### INPUT MATERIAL
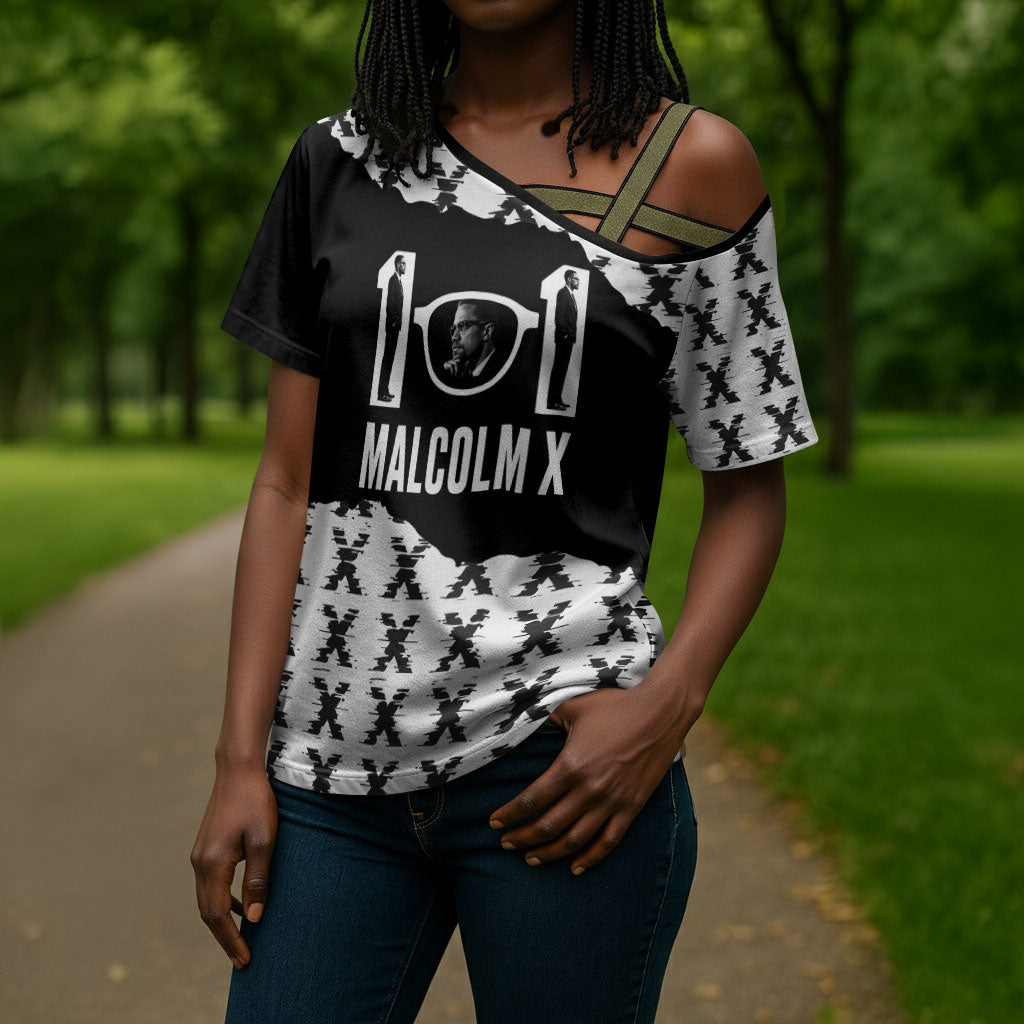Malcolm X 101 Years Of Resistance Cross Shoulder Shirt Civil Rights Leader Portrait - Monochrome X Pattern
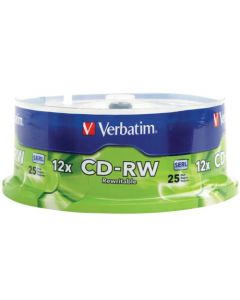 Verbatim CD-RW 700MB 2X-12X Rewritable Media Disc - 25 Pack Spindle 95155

* * *

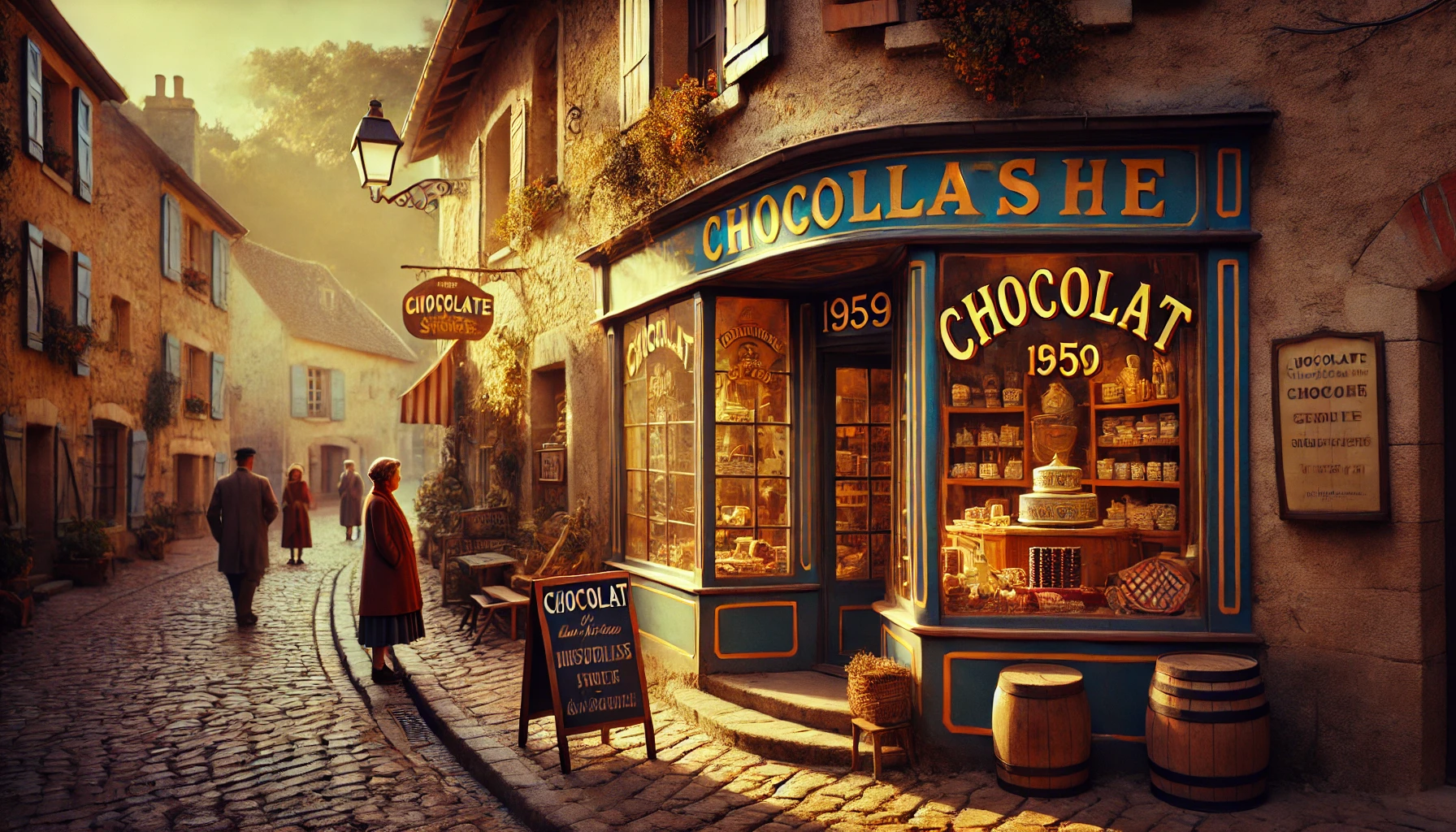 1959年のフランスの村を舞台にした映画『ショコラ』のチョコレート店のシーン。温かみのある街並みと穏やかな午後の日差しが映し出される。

### WHAT IS BEING ASKED
I would like the exact lines from the data above, starting with the one that holds "Malcolm X 101" and going on through the one that holds "Verbatim CD-RW 700MB", without the pictures.

### RESPONSE TO THIS TASK
Malcolm X 101 Years Of Resistance Cross Shoulder Shirt Civil Rights Leader Portrait - Monochrome X Pattern
 Verbatim CD-RW 700MB 2X-12X Rewritable Media Disc - 25 Pack Spindle 95155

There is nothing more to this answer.